Admire Iglesia de San Francisco
The architecture of Iglesia de San Francisco measures up to something you might see in Europe. While the church itself is magnificent, the activity in the square is even more interesting. Here, you will experience the true hussle and bussle of La Paz and see many street vendors selling local specialties. Here, we purchased delicious ice creams off a street vendor for 2 BOB!
Go for a ride on Mi Teleferico
This attraction has good reason to take the number 1 place for things to do in La Paz. It only costs 3 BOB per way for a ride that provides spectatular views of the city. What is particularly interesting is that it gives you a birds eye view of how people of La Paz live. You can see ladies doing their washing in buckets on their balconies, roofs held down by rocks and the strangest/most interesting cemetery I have ever seen. It is sometimes a little sad/confronting how poor the people of La Paz live!

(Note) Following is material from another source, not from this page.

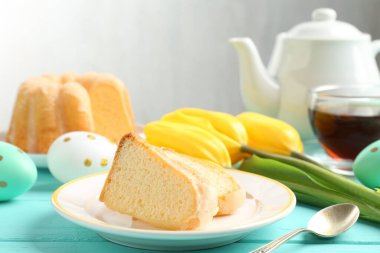 Lezzetli kek parçaları, Paskalya yumurtaları, laleler ve çay açık mavi ahşap masada, yakın plan.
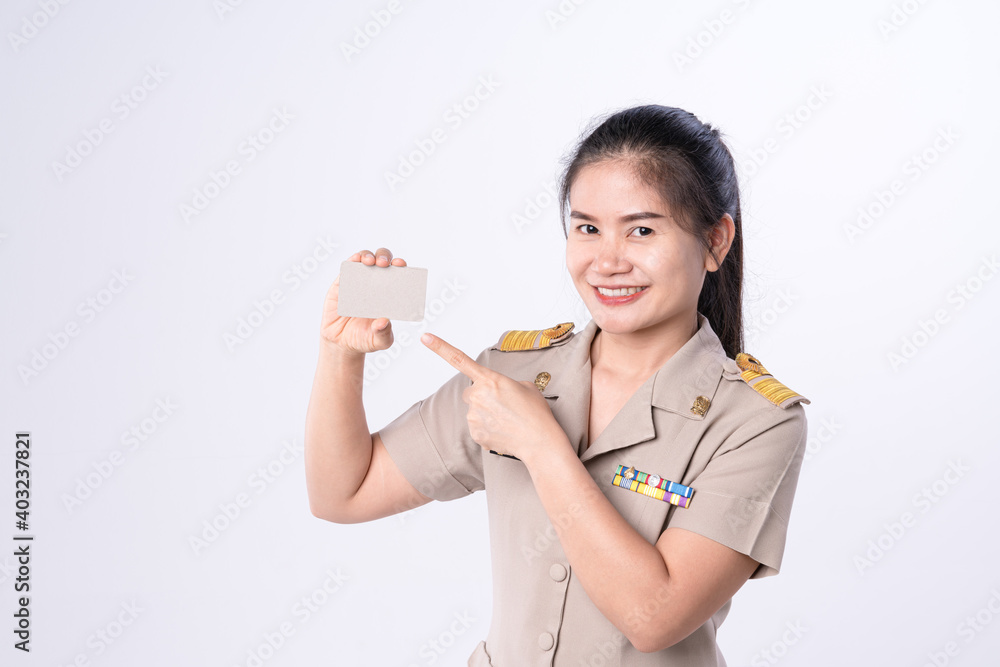 Thai teachers in official uniform holding paper credit card mockup for identification or bank Thai teachers in official uniform holding paper credit card mockup for identification or bank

Do your souvenir shopping at Calle Sagarnaga
The best place to do your souvenir shopping in La Paz is undoudedly Calle Sagarnaga. We visited this street almost daily to souvenir shop and watch the women in their traditional outfits go about their business. You can get some great deals on this street too! We bought a llama jumpet for 70 BOB and high socks for 15 BOB a set. You have to visit a few shops to work out who is giving the best deal and of course don’t be afraid to haggle a little!
Visit Plaza Murillo
Plaza Murillo was a cool place to see the locals relaxing and having time out from their busy schedules. At the park, vendors sell all sorts of treats including jelly and whipped cream/yogurt (a Bolivian specialty) which will only set you back 5 Bolivianos and the Bolivian drink Mocochinchi (made out of dried peeled peach) amoung other things. Plaza Murillo is full of pigeons and a lady at the park even sells bird feed for 2 BOB for the children to feed them.
Food in La Paz
When we were in Uyuni, we were warned by our fellow Uyuni Salt Flat friends how terrible the food in Bolivia is. While it probably doesn’t look the most appetising and certainly wouldn’t win any points for presentation on Master Chef, we found it quite delicious and certainly a bargain! A meal in a non fancy restaurant or from a street vendor in Bolivia will cost you between 10 to 20 Bolivianos (1.44 to 2.88 USD) and I’m not talking about measly portions either. The first night we bought a plate each and couldn’t finish half of what was on there. Subsequently, we noticed the locals shared 1 plate between 2. Mercado Lanza is a good place to buy local food and sit in tiny, pop up restaurants as you enjoy it.
Where to stay
La Paz is a very cheap city and you should be able to find a decent hotel for between 20 – 30 USD. We stayed in a great priced, new hotel called York Vintage B & B. For around 20 USD per night in low season, it was a great deal. It included a really nice breakfast each morning of yogurt, fruit, bread, jam and coffee or tea. For the backpackers, our friends stayed at Wild Rover Hostel and couldn’t recommend this hostel highly enough. We think two to three full days is enough time to enjoy what this city has to offer.
Onward travel from La Paz
From La Paz, people often next visit the Copacabana region and the ruins if Isle de Sol. You can take the local bus for 35 Bolivianos from the bus terminal or buy the tourist transfer that picks you up at your hotel for 40 Bolivianos pp. We booked our transfer with Diana Tours.
Another popular route is to travel to Uyuni next to see the Salt Flats. A night bus will transfer you between these cities for 100 to 150 Bolivianos per person. We booked cama seats with Illimani from Uyuni to La Paz for 100 BOB and were very happy with the service that we received.